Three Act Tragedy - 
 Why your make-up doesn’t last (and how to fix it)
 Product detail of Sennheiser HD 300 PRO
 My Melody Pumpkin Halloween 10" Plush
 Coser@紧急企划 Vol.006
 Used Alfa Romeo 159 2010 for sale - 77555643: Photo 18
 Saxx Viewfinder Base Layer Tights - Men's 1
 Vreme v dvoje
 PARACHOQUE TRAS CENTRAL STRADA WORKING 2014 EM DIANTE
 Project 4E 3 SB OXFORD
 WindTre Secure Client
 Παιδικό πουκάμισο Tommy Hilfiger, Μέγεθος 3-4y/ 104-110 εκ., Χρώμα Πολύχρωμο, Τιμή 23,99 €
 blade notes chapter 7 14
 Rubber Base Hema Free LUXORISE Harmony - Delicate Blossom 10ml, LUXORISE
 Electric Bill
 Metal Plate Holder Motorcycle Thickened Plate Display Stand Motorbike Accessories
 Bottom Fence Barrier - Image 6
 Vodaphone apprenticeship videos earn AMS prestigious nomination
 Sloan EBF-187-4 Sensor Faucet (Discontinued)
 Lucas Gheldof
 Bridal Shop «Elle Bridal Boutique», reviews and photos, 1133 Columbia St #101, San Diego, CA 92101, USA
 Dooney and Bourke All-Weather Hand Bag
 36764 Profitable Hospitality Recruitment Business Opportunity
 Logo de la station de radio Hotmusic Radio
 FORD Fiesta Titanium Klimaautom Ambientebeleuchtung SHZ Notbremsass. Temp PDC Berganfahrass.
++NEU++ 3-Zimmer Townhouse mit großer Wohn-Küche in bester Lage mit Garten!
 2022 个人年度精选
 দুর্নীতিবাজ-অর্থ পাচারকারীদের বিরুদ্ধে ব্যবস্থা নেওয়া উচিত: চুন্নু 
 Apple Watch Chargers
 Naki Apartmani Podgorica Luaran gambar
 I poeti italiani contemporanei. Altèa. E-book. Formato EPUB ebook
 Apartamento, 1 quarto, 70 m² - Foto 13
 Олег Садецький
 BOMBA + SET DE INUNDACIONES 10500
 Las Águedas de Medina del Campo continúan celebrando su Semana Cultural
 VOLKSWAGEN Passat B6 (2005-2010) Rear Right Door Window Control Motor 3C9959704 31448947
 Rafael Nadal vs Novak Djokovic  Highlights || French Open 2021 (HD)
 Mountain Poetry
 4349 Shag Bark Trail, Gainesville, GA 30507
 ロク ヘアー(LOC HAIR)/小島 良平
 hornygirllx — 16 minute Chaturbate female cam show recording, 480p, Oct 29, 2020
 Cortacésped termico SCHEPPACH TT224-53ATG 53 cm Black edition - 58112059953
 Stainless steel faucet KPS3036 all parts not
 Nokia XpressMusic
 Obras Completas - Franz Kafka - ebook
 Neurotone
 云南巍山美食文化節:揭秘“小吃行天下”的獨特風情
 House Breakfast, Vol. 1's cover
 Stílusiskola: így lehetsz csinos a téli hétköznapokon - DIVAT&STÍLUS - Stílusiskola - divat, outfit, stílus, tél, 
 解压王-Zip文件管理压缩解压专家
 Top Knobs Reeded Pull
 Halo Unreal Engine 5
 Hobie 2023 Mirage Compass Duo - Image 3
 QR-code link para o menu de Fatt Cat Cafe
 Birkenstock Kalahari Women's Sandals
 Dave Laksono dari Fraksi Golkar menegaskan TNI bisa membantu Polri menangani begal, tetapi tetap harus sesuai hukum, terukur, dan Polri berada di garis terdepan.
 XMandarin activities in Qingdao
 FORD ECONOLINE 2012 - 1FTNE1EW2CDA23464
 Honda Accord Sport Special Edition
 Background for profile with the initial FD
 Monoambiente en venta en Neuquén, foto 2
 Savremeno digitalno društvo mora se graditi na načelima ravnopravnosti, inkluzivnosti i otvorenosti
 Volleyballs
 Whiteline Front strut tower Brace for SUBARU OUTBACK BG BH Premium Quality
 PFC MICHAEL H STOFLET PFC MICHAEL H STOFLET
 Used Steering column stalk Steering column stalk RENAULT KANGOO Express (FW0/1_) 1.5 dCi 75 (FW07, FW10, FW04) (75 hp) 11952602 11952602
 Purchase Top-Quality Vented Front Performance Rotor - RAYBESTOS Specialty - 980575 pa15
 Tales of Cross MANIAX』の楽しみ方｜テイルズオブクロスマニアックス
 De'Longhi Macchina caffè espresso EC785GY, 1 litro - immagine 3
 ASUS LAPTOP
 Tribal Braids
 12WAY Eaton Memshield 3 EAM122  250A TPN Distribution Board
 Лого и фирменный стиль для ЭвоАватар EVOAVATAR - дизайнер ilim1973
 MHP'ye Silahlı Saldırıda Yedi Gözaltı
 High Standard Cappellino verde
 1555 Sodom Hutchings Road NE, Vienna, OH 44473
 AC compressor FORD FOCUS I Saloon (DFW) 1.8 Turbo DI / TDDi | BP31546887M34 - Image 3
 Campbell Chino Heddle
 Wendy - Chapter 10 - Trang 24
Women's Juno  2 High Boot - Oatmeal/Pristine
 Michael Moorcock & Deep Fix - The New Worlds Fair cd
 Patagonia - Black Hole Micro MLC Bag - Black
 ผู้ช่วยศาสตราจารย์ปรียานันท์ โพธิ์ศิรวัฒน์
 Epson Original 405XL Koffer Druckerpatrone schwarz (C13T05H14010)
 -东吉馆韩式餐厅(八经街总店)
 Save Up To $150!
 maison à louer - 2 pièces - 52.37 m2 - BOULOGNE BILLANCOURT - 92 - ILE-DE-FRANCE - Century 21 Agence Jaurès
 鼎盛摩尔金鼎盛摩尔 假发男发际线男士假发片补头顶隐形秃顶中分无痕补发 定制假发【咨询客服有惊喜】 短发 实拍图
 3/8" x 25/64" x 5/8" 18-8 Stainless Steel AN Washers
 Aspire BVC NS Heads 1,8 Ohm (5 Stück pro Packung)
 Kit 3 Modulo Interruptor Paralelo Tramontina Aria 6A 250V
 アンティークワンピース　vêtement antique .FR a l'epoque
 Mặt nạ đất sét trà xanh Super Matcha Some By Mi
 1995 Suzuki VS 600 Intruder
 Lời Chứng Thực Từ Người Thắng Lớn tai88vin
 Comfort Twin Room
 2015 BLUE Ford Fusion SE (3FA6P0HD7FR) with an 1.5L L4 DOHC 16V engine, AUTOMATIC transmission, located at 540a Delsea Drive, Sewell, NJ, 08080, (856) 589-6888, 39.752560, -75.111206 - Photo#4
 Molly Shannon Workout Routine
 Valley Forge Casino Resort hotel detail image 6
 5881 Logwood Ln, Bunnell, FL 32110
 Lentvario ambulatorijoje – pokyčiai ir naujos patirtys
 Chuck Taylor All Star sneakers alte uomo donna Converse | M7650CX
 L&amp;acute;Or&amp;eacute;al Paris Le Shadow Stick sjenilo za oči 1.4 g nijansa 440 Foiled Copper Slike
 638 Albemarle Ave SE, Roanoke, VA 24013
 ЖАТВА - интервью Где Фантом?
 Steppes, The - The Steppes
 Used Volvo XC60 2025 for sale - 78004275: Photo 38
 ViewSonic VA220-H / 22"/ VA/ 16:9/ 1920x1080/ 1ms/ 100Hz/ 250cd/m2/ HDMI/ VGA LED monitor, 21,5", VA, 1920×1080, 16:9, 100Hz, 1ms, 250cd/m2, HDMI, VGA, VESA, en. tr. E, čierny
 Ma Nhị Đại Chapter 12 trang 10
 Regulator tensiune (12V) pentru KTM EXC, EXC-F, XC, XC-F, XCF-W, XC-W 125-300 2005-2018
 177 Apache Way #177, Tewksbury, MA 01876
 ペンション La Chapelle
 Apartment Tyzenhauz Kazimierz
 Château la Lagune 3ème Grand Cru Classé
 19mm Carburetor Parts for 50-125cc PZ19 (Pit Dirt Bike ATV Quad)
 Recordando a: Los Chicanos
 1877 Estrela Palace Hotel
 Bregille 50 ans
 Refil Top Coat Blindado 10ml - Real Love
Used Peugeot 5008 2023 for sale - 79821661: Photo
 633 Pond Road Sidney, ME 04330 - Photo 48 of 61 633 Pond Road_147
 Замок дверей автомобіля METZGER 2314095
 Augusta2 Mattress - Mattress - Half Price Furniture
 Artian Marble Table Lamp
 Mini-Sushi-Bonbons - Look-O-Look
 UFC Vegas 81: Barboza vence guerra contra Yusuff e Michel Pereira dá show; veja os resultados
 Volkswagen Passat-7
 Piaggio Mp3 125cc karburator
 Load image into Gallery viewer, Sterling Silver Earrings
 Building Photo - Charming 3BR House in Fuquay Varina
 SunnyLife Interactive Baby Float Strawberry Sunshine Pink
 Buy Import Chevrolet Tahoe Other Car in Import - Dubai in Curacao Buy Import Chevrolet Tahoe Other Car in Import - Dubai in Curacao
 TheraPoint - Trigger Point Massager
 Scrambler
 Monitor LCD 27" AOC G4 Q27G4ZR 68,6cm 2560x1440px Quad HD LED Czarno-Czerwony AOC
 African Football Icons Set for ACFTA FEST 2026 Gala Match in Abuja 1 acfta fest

------------------------

Search the material above for the word "Passat", and return each line that holds it.

 VOLKSWAGEN Passat B6 (2005-2010) Rear Right Door Window Control Motor 3C9959704 31448947
 Volkswagen Passat-7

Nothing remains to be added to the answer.